The tram shudders to a stop. Darkness swallows a man in an overcoat and hat.
They were very sensible, in the end.
‘I saw it tonight, a glimpse of the end,’ she’d added. ‘You could have walked right onto the nearest boat. If there’d been one. Couldn’t you?’
To which, and she read this in his eyes, he silently signalled that they could both walk onto the nearest boat. But they’d already gone over that impossibility again and again, and so he never said it.
‘So,’ she went on, filling the silence, ‘as you say, may as well. There’s no point hanging about when something is over. Is there? Not when you’ve known the best of things.’
She said this, she recalls, the tram now slipping into the quiet inner suburb in which she lives, not so much as a statement of fact, not so much as a rhetorical question, but with the faint, residual hope that there might be. A point, that is. At least this is the way she remembers her tone as she finally steps from the tram and walks towards her street. But he had just agreed. And that was that. The impossible bowed to the inevitable. And she can’t even remember now if she spoke or just nodded.
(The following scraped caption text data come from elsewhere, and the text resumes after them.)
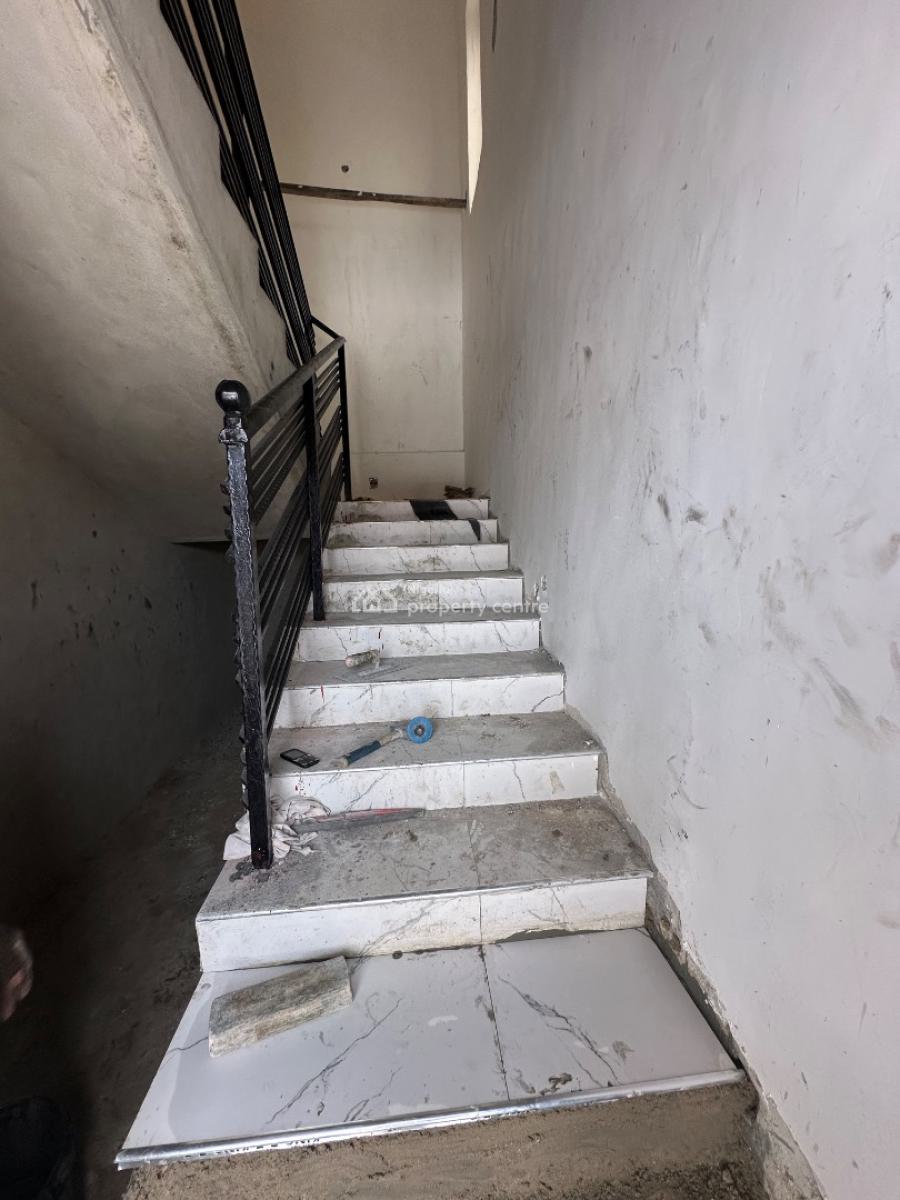 3bedroom Apartment House, Woji, Port Harcourt, Rivers, Terraced Duplex for Sale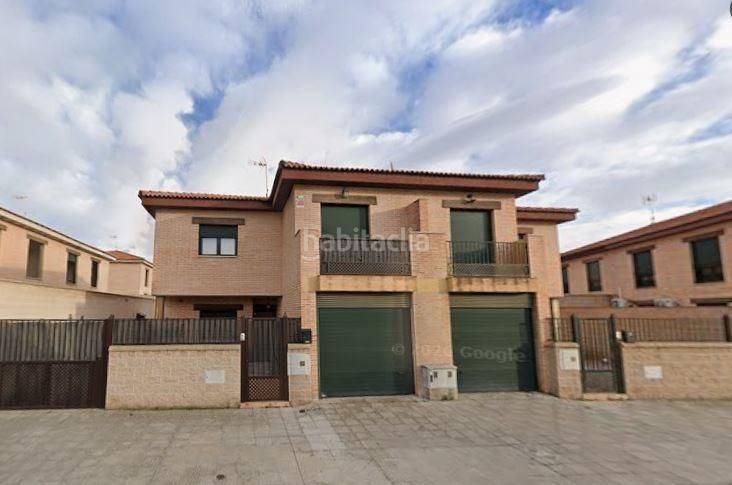 Foto dbb9a12f-ae10-4b44-9589-713400368e4c. Xalet amb aparcament a Mora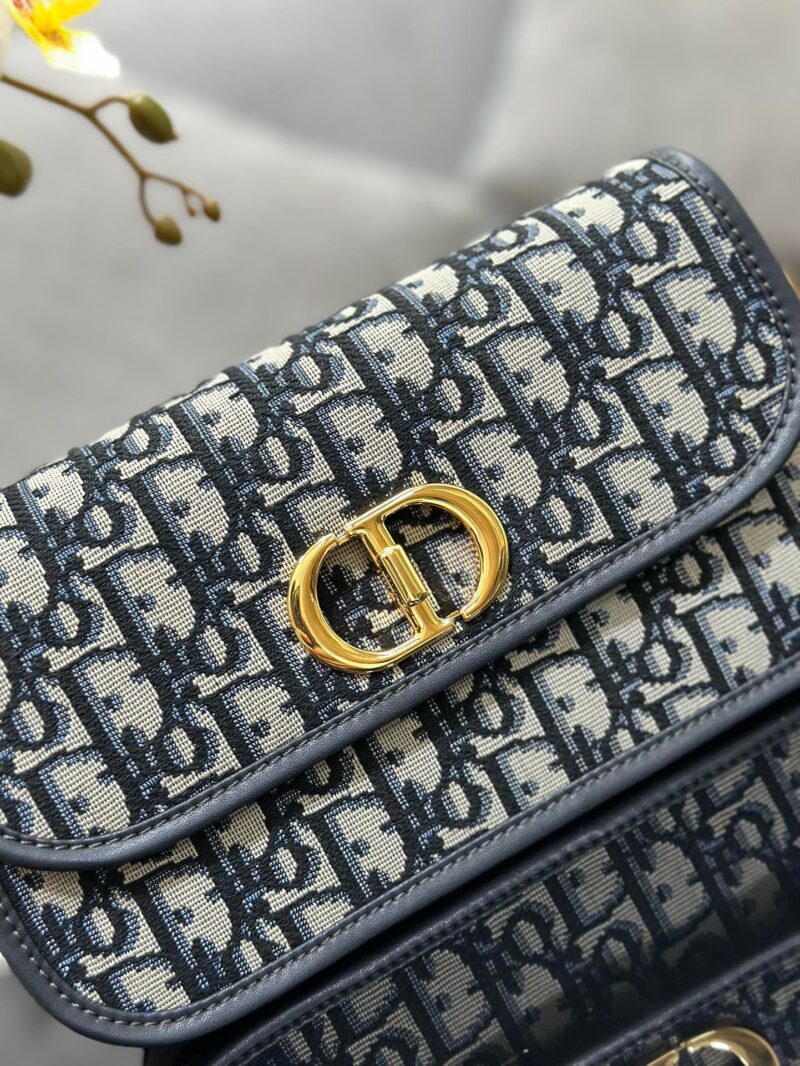 Dior 30 Montaigne Avenue Monogram Super Bag 22.5x12cm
That was when she’d got out of bed and dressed. And it was while she was dressing that she caught the faint shadow of regret in his eyes, and knew she was right. This was the moment. Best to part with regret in their eyes. Her instincts were true. Had she chosen to stay he would have followed her. But she didn’t.
She’d almost cried then. Almost. And feared she might at any moment. And so she spoke to take her mind off the crying, or the possibility of crying. And she composed her thoughts as she spoke.
‘It’s right. You’ll always have one eye on the next boat and one eye on me. And I want both of them looking at me.’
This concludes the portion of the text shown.